Zugleich hat sich die Struktur dieser Migration im Laufe der Zeit verändert. Während sie früher oft stärker zirkulär gewesen war, nahmen seit den 1980er-Jahren dauerhafte Niederlassungstendenzen zu. Ein Grund dafür war paradoxerweise die Verschärfung der Grenzkontrollen. Je riskanter, teurer und unsicherer der Grenzübertritt wurde, desto weniger attraktiv wurde es für Migranten, zwischen beiden Ländern hin- und herzupendeln. Stattdessen entschieden sich viele dafür, dauerhaft in den USA zu bleiben und ihren Familien den Nachzug zu ermöglichen.4 Diese Entwicklung hatte auch Auswirkungen auf das demografische Profil der mexikanischen Emigranten. Bis in die 1980er-Jahre emigrierten überwiegend junge Männer im erwerbsfähigen Alter. Inzwischen hat sich dieses Profil durch Familiennachzug und dauerhafte Ansiedlung deutlich diversifiziert. Heute besteht nur noch ein leichter Männerüberhang, während das Durchschnittsalter bei etwa 45 Jahren liegt.

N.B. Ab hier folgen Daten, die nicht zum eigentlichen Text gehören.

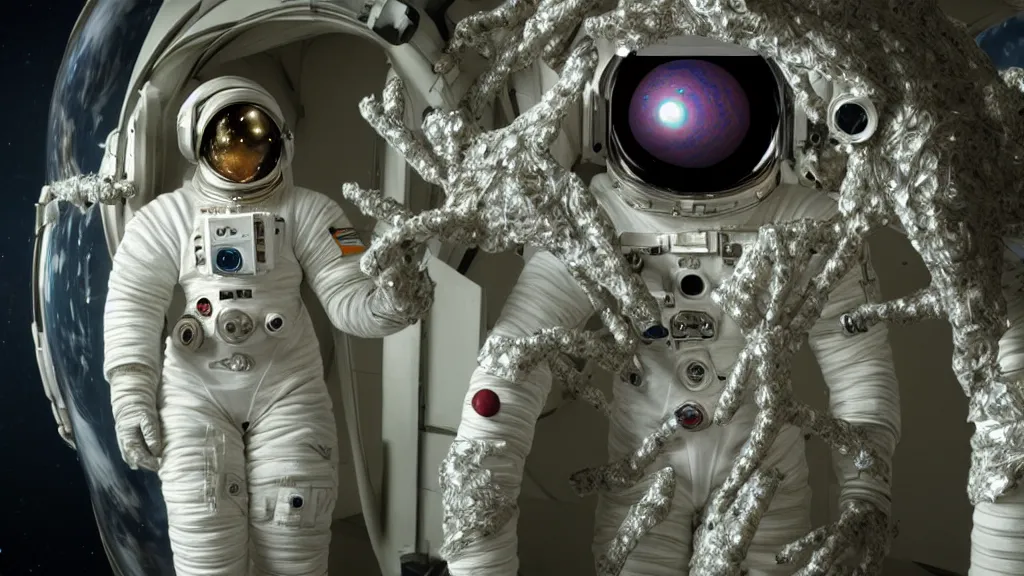 Image similar to a cybernetic symbiosis of a single astronaut eva suit with diamond 3d fractal lace iridescent bubble 3d skin covered with insectoid compound eye camera lenses floats through the living room, film still from the movie directed by Denis Villeneuve with art direction by Salvador Dalí, wide lens,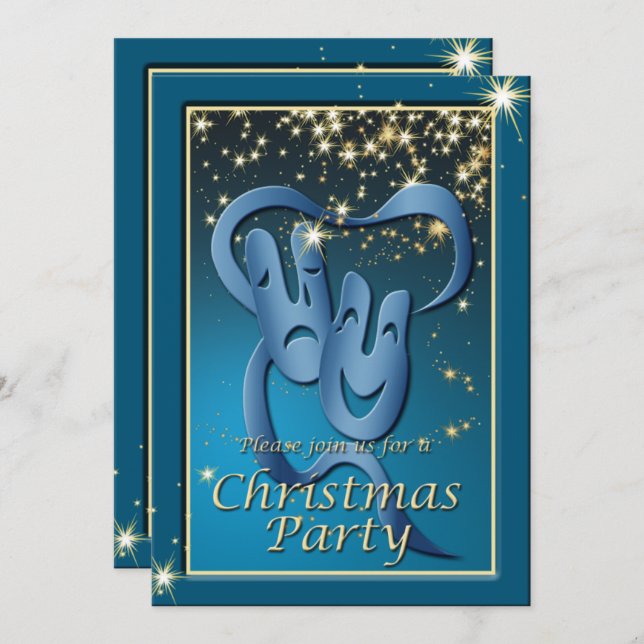 Comedy Tragedy Blue Theatre Mask Christmas Invite (Front/Back)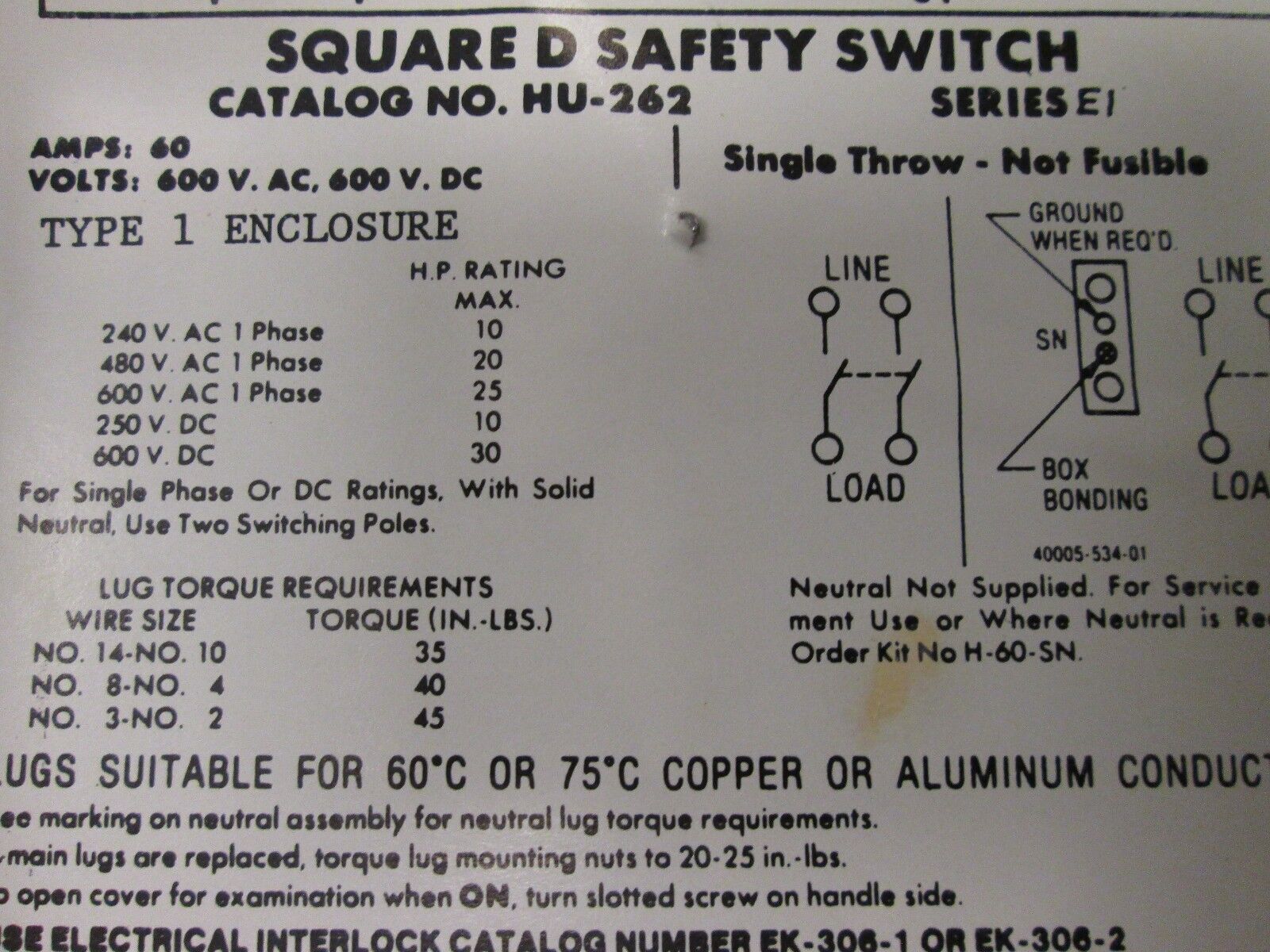 Square D Non-fusible Safety Switch HU-262 60A 600V 2P New Surplus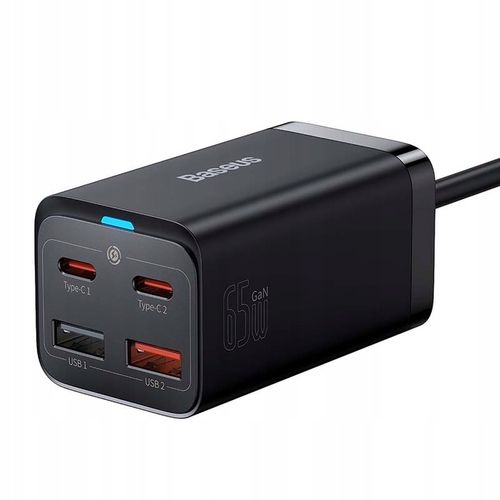 BASEUS SZYBKA ŁADOWARKA ZASILACZ LISTWA GAN3 4X USB-C USB-A 65W KABEL 1,5M na Arena.pl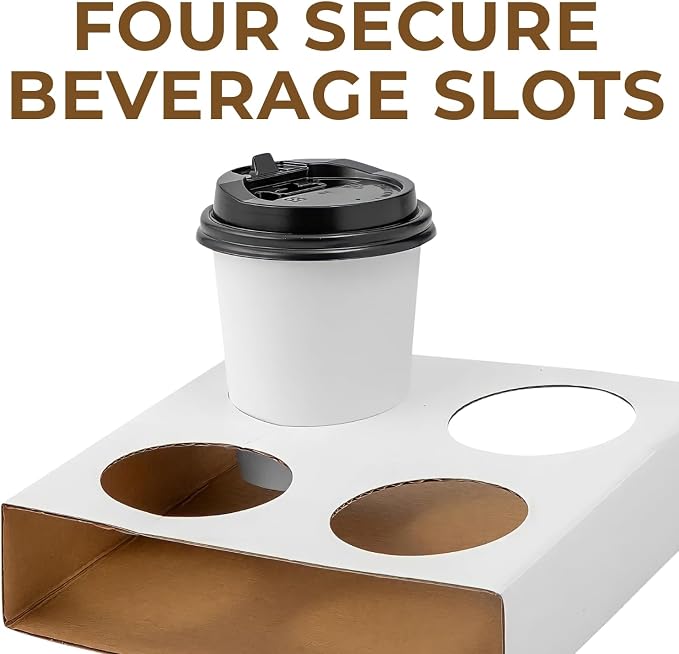 Fun Expess 7" x 7" Disposable Cardstock Four-Drink Flight Carrier - Image 2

Während sich Migration für mexikanische Migranten ökonomisch in der Regel auszahlt und sich die nachfolgenden Generationen wirtschaftlich immer weiter verbessern, profitiert auch Mexiko selbst erheblich von dieser Entwicklung, insbesondere durch die Geldtransfers der Emigrierten in ihre Heimat. Zwischen 2013 und 2024 stiegen diese sogenannten remesas von rund 23 Milliarden auf 64,7 Milliarden US-Dollar an und erreichten damit ein für Mexiko ökonomisch herausragendes Niveau. 2024 entsprachen sie rund dreieinhalb Prozent des mexikanischen Bruttoinlandsprodukts (BIP); etwa 97 Prozent dieser Transfers stammten aus den USA, der Rest kommt hauptsächlich von Mexikanern aus Kanada.5
Für viele Haushalte, insbesondere in ländlichen Regionen, sind diese Geldtransfers weit mehr als ein Zusatzeinkommen. Empfängerhaushalte erhalten im Durchschnitt mehr als 30 Prozent ihres laufenden Einkommens aus remesas. Insgesamt empfangen circa 20 Prozent der mexikanischen Haushalte diese Transfers, wobei in manchen Regionen fast die Hälfte der Haushalte diese erhält. In diesen besonders betroffenen Regionen machen Rücküberweisungen teilweise über zehn Prozent des BIP eines Bundesstaates aus. In manchen Regionen ersetzen sie damit faktisch das, was an lokaler Entwicklung, formeller Beschäftigung oder staatlicher Unterstützung fehlt.6 Emigration ist insofern nicht nur ein demografischer Prozess, sondern auch ein zentraler wirtschaftlicher Stabilisator.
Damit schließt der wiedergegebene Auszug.